= Beginning of Section =

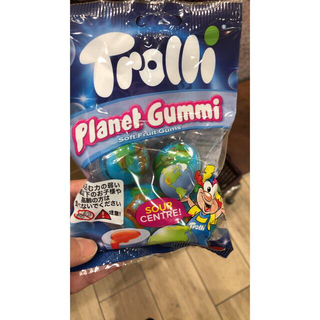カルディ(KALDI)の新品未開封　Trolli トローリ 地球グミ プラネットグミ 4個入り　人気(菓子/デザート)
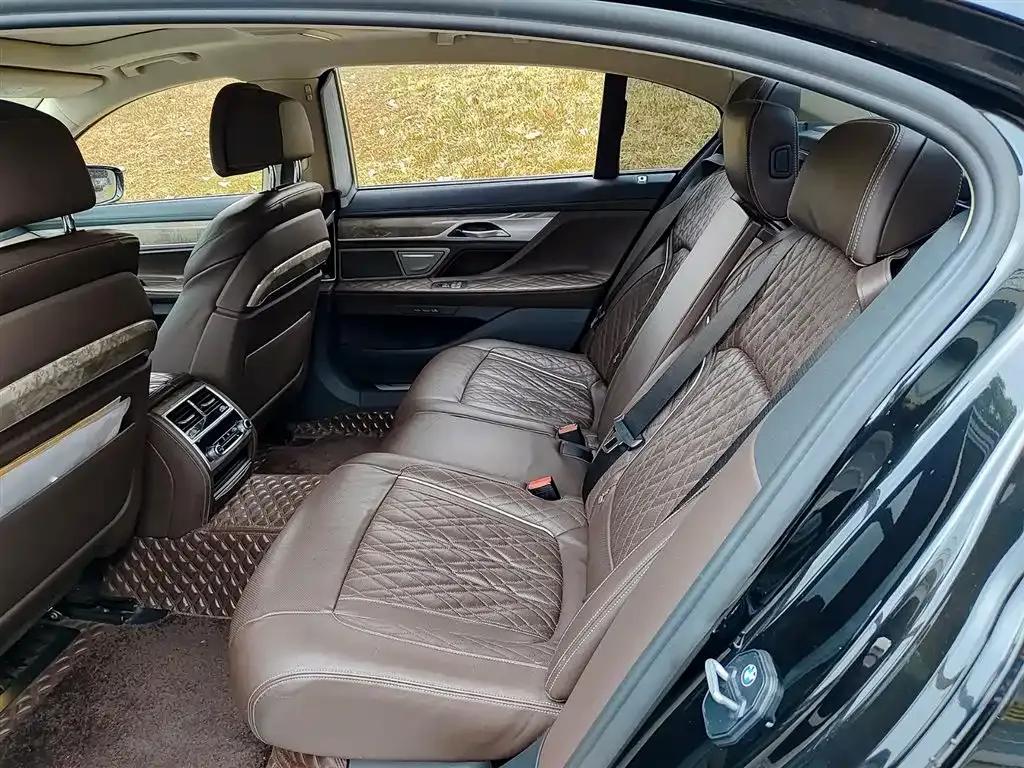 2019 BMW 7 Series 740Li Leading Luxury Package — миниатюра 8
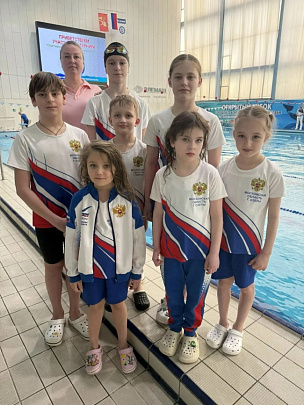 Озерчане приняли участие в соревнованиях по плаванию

= End of Section =
= Beginning of Section =

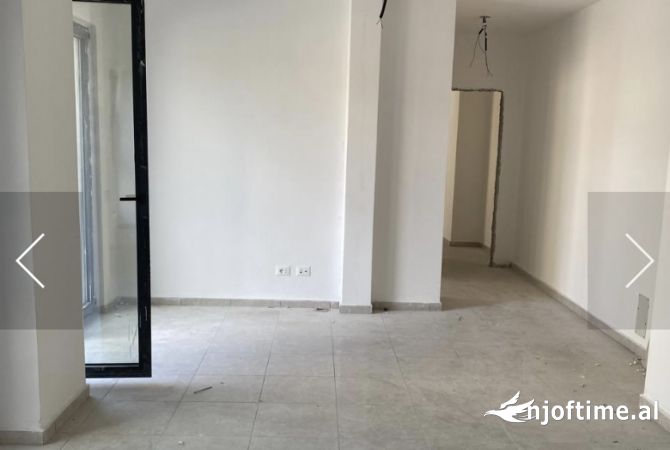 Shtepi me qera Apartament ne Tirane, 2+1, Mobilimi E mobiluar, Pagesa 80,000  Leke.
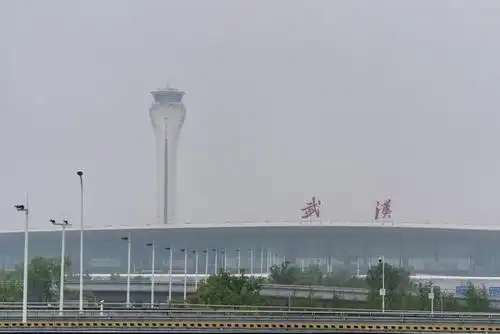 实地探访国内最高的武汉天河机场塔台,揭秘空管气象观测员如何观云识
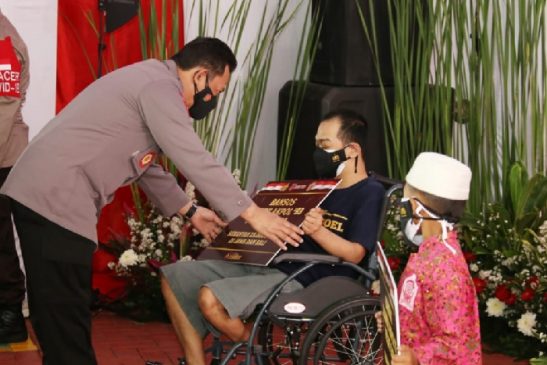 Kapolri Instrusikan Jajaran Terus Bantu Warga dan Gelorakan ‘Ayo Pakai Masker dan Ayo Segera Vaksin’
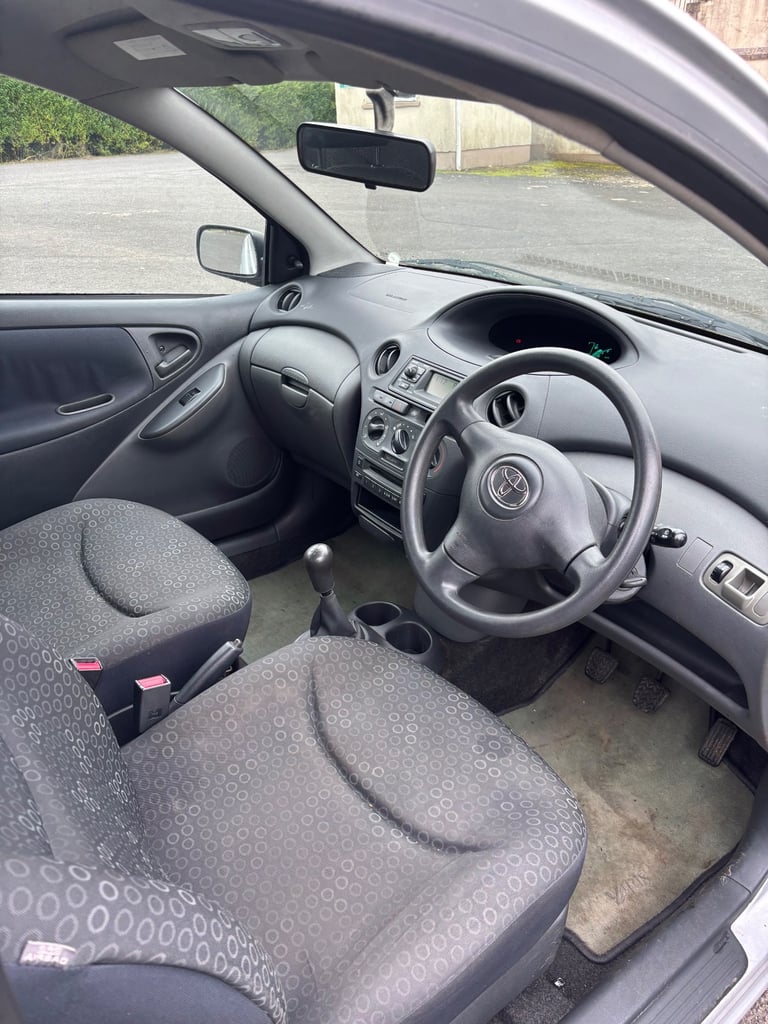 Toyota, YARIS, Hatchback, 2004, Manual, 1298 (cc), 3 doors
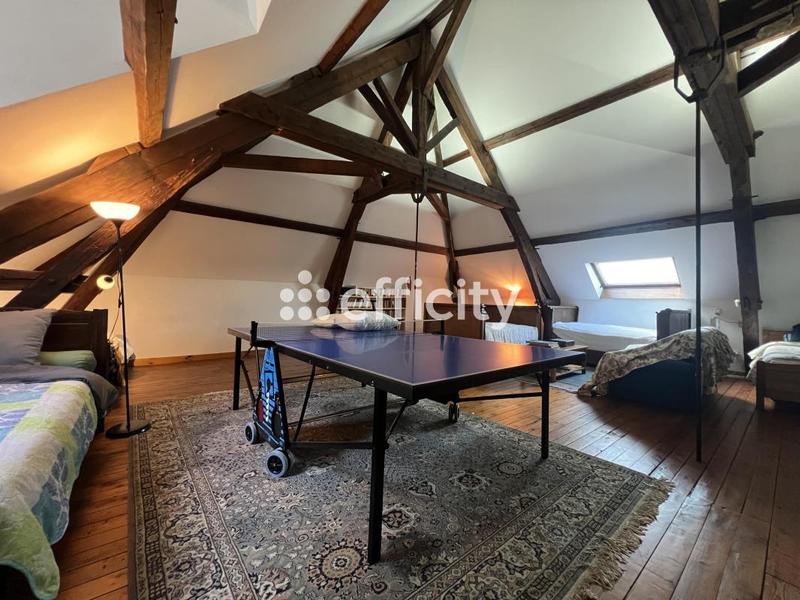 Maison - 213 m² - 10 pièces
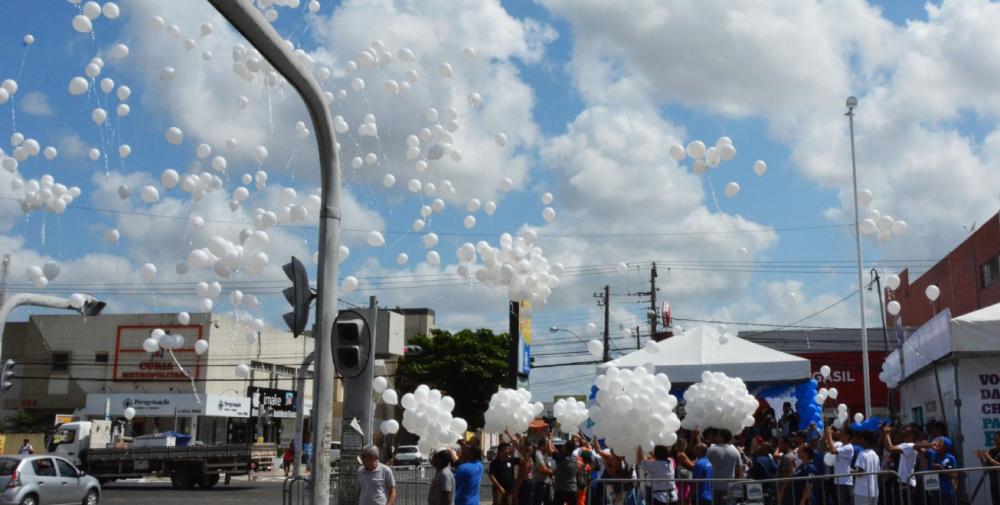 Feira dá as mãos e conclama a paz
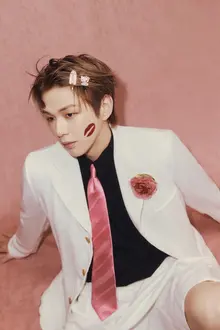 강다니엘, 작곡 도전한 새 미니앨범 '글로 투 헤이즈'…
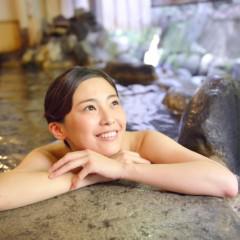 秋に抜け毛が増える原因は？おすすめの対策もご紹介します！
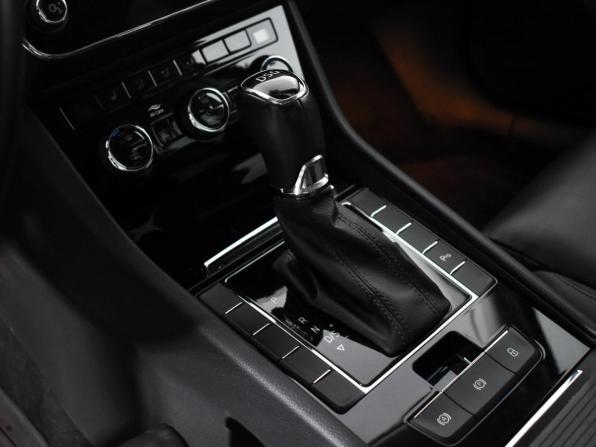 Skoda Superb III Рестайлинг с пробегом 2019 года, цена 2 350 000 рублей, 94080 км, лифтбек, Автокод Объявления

= End of Section =
= Beginning of Section =

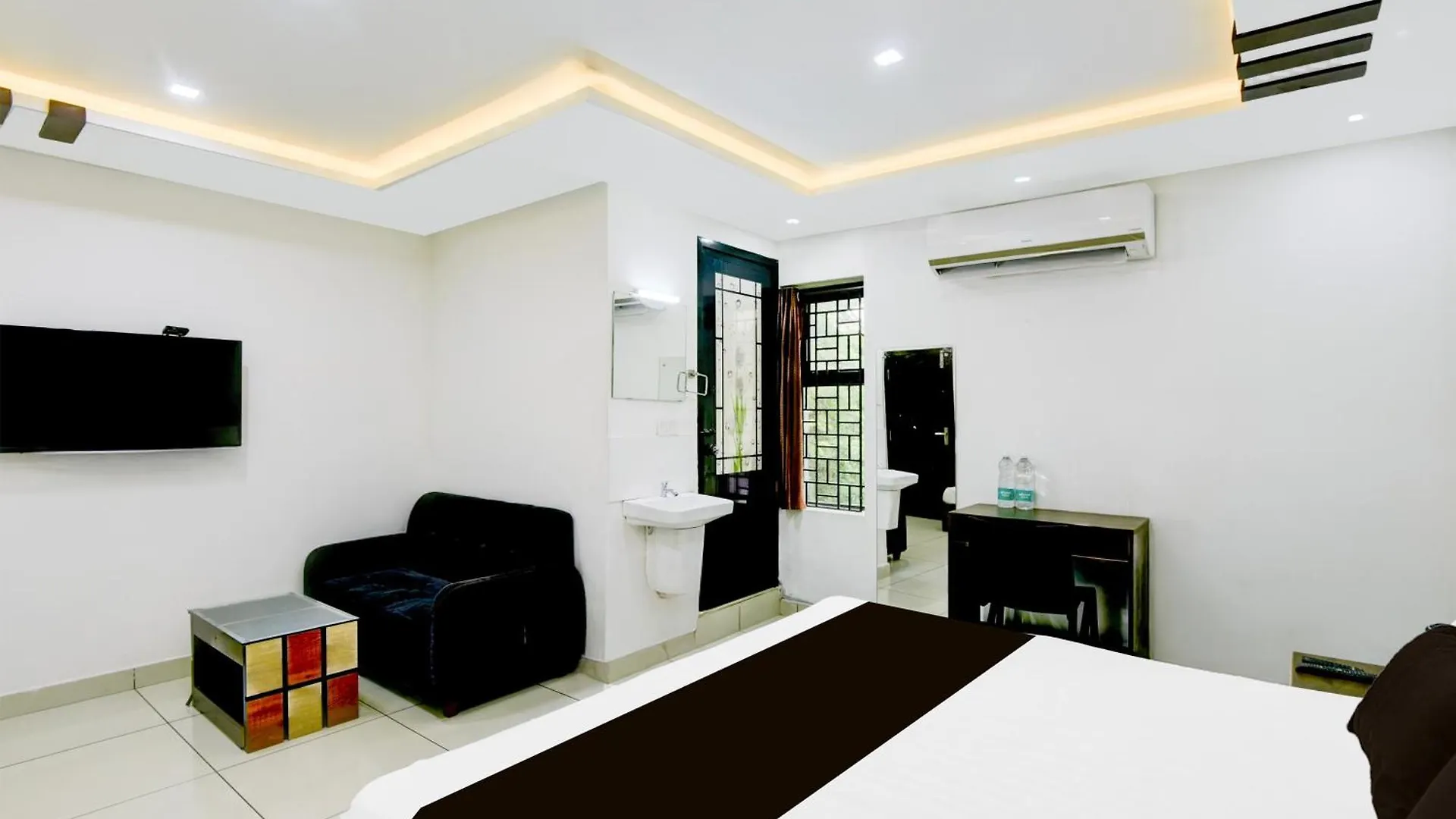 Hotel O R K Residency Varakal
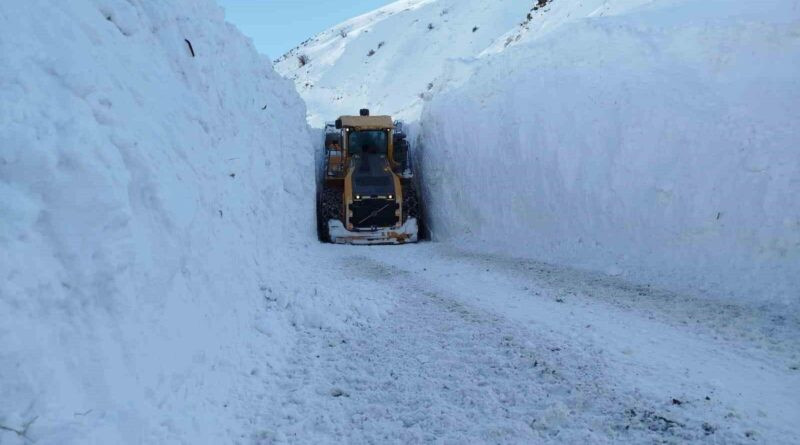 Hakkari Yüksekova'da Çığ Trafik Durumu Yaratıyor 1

= End of Section =

## What to produce
In the entries above, find the line with "Toyota, YARIS, Hatchback, 2004, Manual, 1298" and the line with "Skoda Superb III". Return exactly those lines and all the ones between them, pictures excluded.

## Written reply
 Toyota, YARIS, Hatchback, 2004, Manual, 1298 (cc), 3 doors
 Maison - 213 m² - 10 pièces
 Feira dá as mãos e conclama a paz
 강다니엘, 작곡 도전한 새 미니앨범 '글로 투 헤이즈'…
 秋に抜け毛が増える原因は？おすすめの対策もご紹介します！
 Skoda Superb III Рестайлинг с пробегом 2019 года, цена 2 350 000 рублей, 94080 км, лифтбек, Автокод Объявления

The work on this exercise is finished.